The arm adjustment is supposed to locate the dead pad just off the disc, 1/4-1/2 turn back from where there's drag. This is a bit tricky with the locking nut as tightening it changes the adjustment - but it's not impossible.
The two things that usually cause this problem of piston non-retraction are corrosion in the seal groove and air in the system.
Corrosion causes increased friction at the seal. Air frustrates the pull-back suction from the master cylinder.
When you pull the brake lever, the first fraction of movement just blows fluid back to the reservoir through the relief hole. Once the hole is covered by the piston you are pumping fluid into the brake line, pressurizing the system. If the caliper is working properly and there are no air bubbles, the caliper piston slides freely out until the disc is getting squeezed - after that the brake applies proportional to the pressure.
Then you release the lever.
The seal distorts slightly under pressure. When the pressure is released the seal relaxes, pulling the piston back a hair. Once the m/c piston has released pressure it moves back to where the relief hole is uncovered again. In that movement it produces a suction. This suction moves the caliper piston back to where it was before brake application, off the disc. The arm spring relocates the caliper so the dead pad is clear.

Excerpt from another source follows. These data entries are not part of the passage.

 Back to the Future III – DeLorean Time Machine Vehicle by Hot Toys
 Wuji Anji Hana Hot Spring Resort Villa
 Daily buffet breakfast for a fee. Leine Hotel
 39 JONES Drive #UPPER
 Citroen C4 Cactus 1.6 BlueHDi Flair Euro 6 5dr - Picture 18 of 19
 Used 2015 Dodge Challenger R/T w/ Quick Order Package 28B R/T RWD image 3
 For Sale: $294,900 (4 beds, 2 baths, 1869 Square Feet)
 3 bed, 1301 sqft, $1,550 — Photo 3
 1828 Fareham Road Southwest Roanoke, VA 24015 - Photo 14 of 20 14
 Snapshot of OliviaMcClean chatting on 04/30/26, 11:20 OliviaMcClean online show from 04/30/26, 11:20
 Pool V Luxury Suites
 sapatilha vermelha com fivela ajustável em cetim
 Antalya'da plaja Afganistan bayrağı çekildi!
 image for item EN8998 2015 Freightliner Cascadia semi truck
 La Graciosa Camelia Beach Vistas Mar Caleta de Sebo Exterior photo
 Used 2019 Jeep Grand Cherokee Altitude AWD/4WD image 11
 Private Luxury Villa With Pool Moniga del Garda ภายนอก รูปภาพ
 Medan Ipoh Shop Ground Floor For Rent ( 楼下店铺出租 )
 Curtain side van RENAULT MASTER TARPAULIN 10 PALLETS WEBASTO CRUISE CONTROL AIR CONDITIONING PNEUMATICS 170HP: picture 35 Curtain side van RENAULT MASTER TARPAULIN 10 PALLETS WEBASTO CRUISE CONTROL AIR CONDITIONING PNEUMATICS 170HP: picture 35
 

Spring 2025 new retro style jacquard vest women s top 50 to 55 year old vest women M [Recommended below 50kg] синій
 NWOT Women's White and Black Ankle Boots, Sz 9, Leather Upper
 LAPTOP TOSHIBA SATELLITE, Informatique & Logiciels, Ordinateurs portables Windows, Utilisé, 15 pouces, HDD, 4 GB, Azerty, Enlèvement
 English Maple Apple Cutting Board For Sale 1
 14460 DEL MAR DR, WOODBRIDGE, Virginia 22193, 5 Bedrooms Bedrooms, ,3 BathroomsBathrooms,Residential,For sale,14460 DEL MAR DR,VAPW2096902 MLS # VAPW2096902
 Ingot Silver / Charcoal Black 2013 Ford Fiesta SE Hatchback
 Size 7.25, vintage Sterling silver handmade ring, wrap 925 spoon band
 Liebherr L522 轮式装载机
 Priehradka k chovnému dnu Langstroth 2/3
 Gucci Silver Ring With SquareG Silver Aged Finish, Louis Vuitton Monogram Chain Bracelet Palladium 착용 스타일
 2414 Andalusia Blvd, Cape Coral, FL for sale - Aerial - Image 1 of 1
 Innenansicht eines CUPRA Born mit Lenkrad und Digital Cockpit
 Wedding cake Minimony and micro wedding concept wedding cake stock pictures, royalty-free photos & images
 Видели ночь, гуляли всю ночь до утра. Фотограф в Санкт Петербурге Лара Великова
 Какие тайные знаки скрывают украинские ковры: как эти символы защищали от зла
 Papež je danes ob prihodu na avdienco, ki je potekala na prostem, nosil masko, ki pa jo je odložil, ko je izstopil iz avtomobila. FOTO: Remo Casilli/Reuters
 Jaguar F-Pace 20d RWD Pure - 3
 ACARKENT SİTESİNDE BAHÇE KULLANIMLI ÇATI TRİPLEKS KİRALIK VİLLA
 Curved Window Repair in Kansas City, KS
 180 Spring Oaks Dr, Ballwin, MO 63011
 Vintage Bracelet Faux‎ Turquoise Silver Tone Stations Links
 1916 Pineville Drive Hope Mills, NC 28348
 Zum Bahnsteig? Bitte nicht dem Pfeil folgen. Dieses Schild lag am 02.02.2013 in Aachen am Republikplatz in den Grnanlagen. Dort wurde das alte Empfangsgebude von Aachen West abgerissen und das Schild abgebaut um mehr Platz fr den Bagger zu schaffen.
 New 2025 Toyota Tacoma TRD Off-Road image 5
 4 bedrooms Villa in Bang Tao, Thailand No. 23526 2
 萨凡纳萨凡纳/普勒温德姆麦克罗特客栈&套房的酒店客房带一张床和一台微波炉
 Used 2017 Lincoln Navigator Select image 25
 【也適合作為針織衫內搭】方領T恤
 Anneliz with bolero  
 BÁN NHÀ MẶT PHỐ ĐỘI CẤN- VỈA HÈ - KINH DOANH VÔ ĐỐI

With air in the lines, on brake application it gets compressed and the bubbles shrink until the pressure is high enough to move the caliper piston. Actual braking power is unaffected, lever travel increases and if extreme the brakes will e barely on with the lever against the bar.
The problem is that the compressed air bubbles expand again as the lever is releases, meaning the fluid is under pressure from them rather than under suction when the caliper piston is returning to the relief hole. That means the caliper pad does not retract. The brake never releases fully until riding vibration rattles the caliper around enough to bounce it free. There's no real resistance to m/c piston retraction, fluid can go through the relief hole. A corroded seal groove makes it harder to move, though.
If the relief hole is truly plugged, the situation is similar but can get very serious - the brake is left slightly dragging and heats up, the heat expands the fluid, the brake gets tighter and hotter, and eventually you have heavy braking applied and a red hot disc if you don't notice it happening and stop. Hitting a slippery bit of road with the brake dragging severely gets quite nasty.